%%

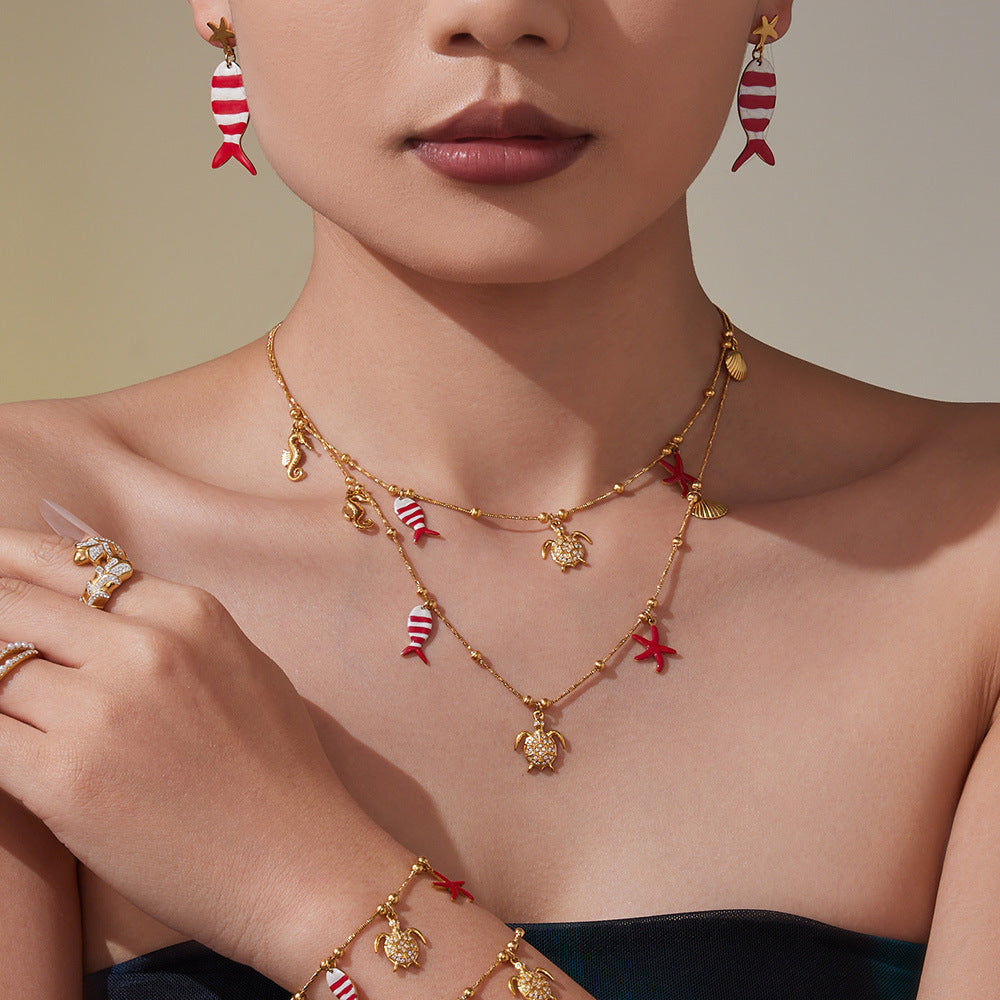 Gold plated ocean charm jewelry set featuring whimsical fish and sea life designs on necklace and earrings.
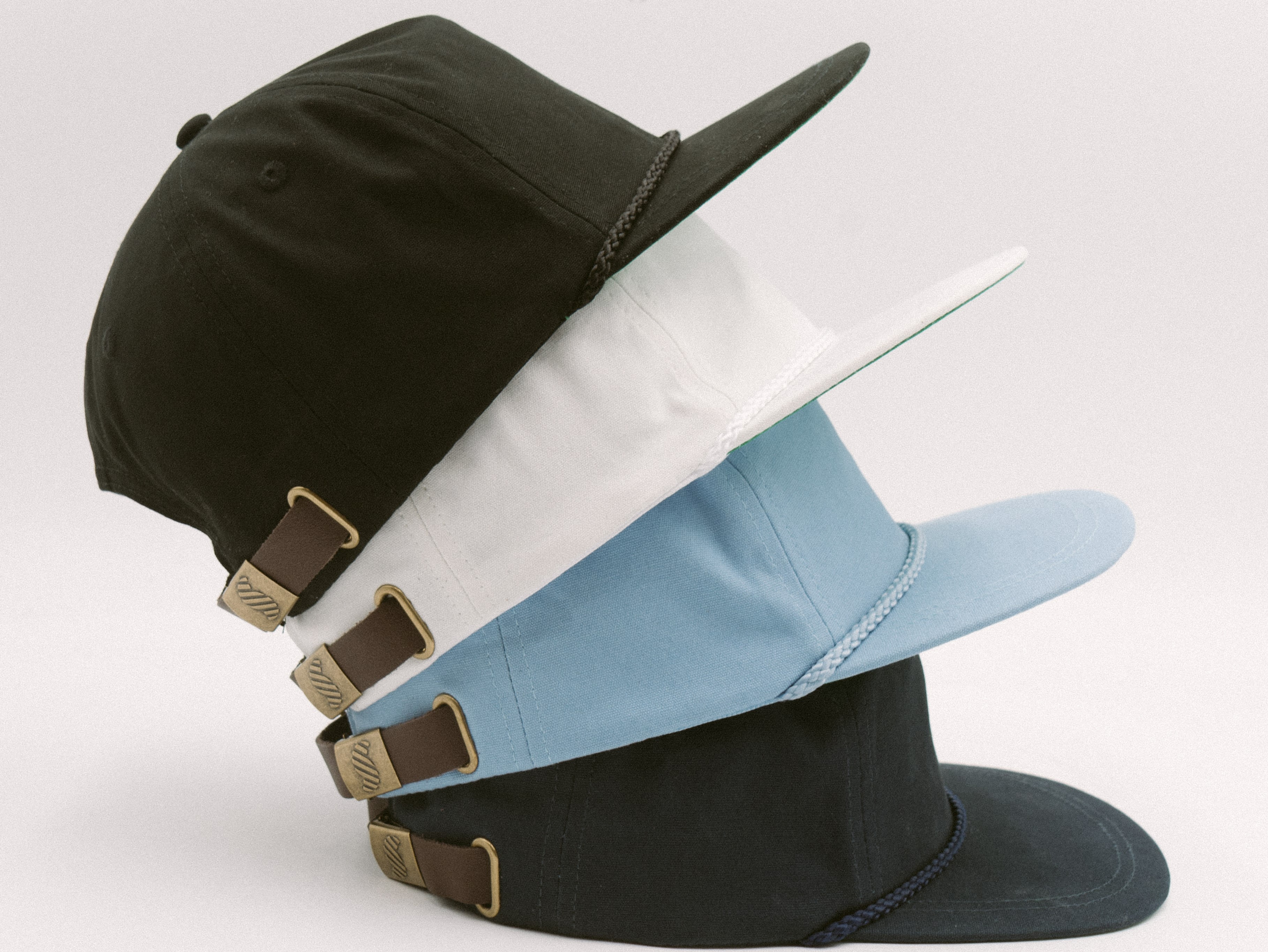 Stacked SNAG Collective snapback hats in neutral tones, highlighting custom design, structured fit, and premium craftsmanship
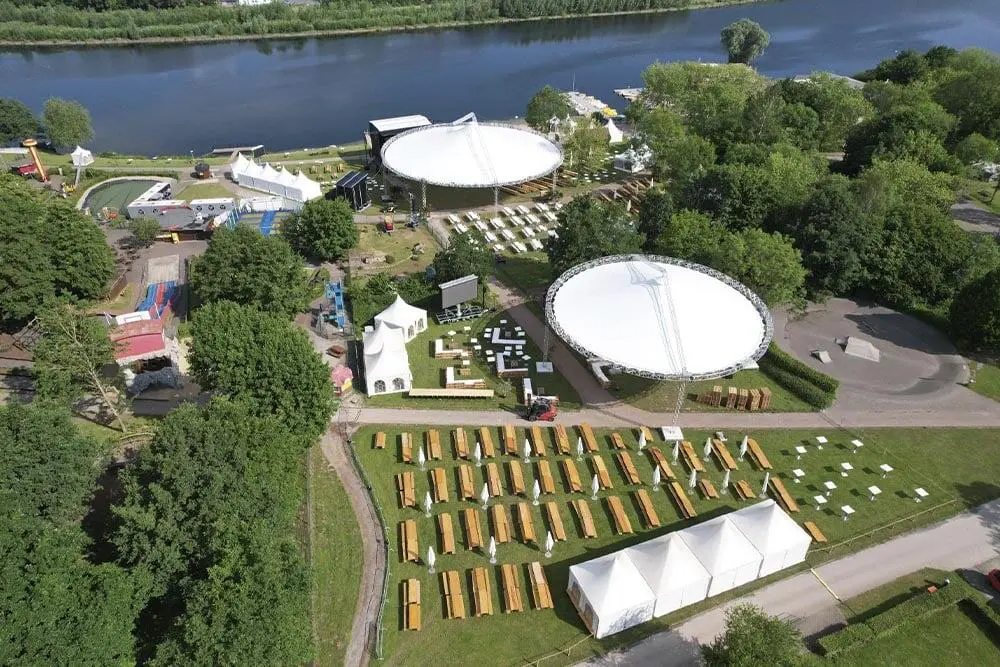 Aerial view of event setup at EJH Distribution near a river with tents, stages, and outdoor seating.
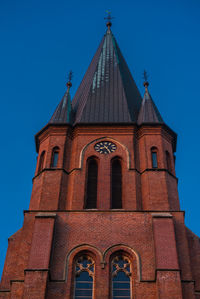 Low angle view of building against clear blue sky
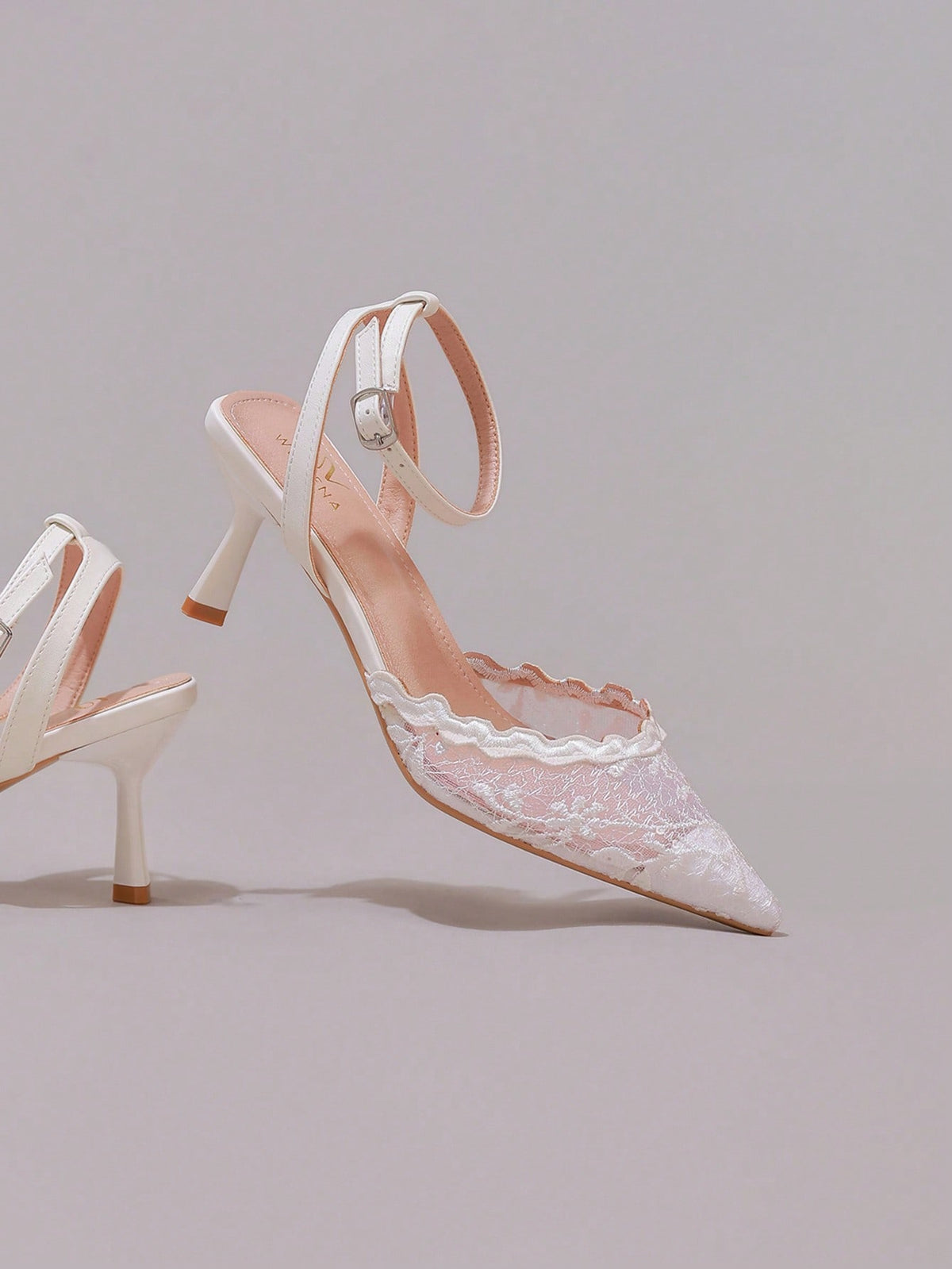 Black lace pointed toe high heel pumps featuring stiletto heels and a decorative bow accent.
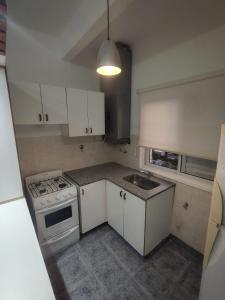 a kitchen with white cabinets and a stove and a sink at Departamento Zarate Centro in Zárate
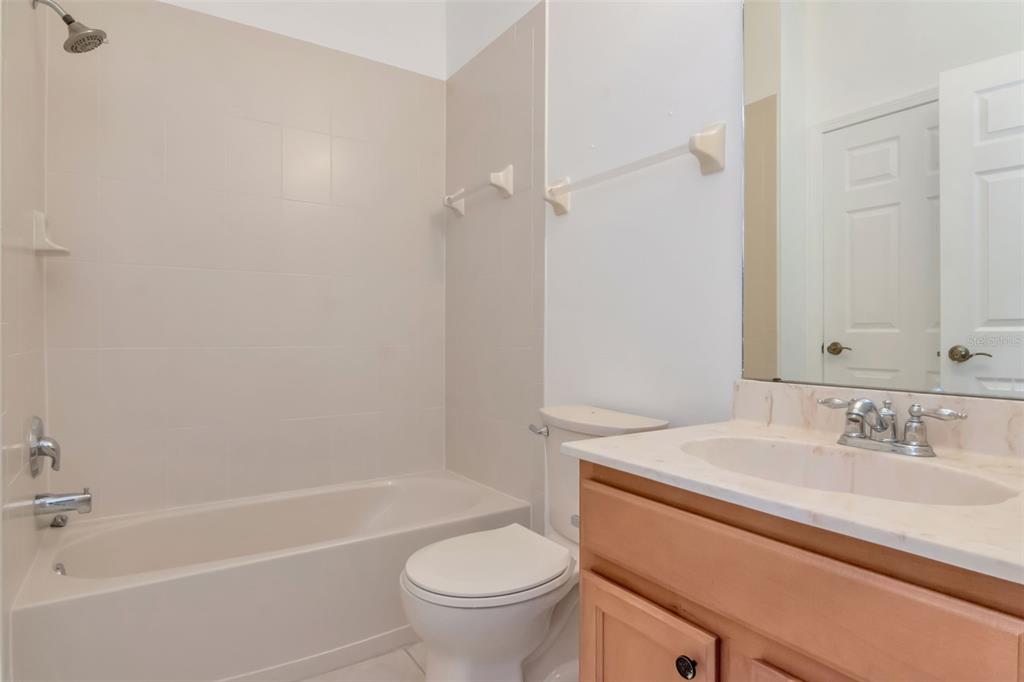 125 Shell Falls Drive Apollo Beach, FL 33572 - Photo 30 of 48 a bathroom with a sink a toilet and a bathtub
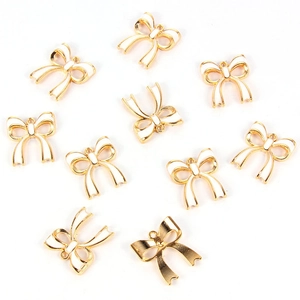 Detailed macro view of ten white enamel bow alloy charms with golden metal edges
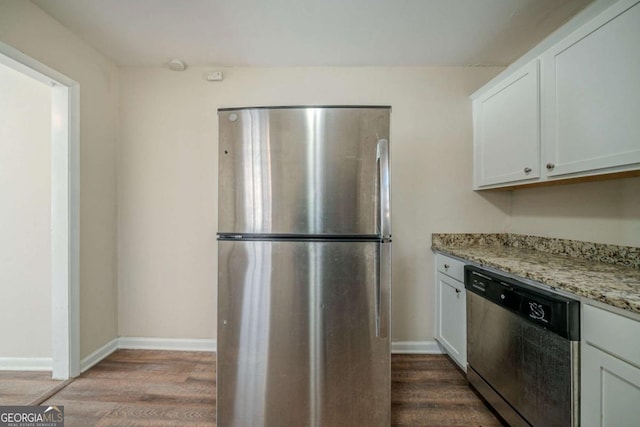 kitchen featuring hardwood / wood-style flooring, light stone countertops, white cabinetry, and appliances with stainless steel finishes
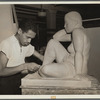 Francisco Lord working on sculpture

%%

▶ _YOUR INSTRUCTIONS_: Nothing but the lines from the one containing "Low angle view" through the end of the listing should be printed, each exactly as it appears and without pictures.

▶ _SOLUTION TO THE EXERCISE_:
 Low angle view of building against clear blue sky
 Black lace pointed toe high heel pumps featuring stiletto heels and a decorative bow accent.
 a kitchen with white cabinets and a stove and a sink at Departamento Zarate Centro in Zárate
 125 Shell Falls Drive Apollo Beach, FL 33572 - Photo 30 of 48 a bathroom with a sink a toilet and a bathtub
 Detailed macro view of ten white enamel bow alloy charms with golden metal edges
 kitchen featuring hardwood / wood-style flooring, light stone countertops, white cabinetry, and appliances with stainless steel finishes
 Francisco Lord working on sculpture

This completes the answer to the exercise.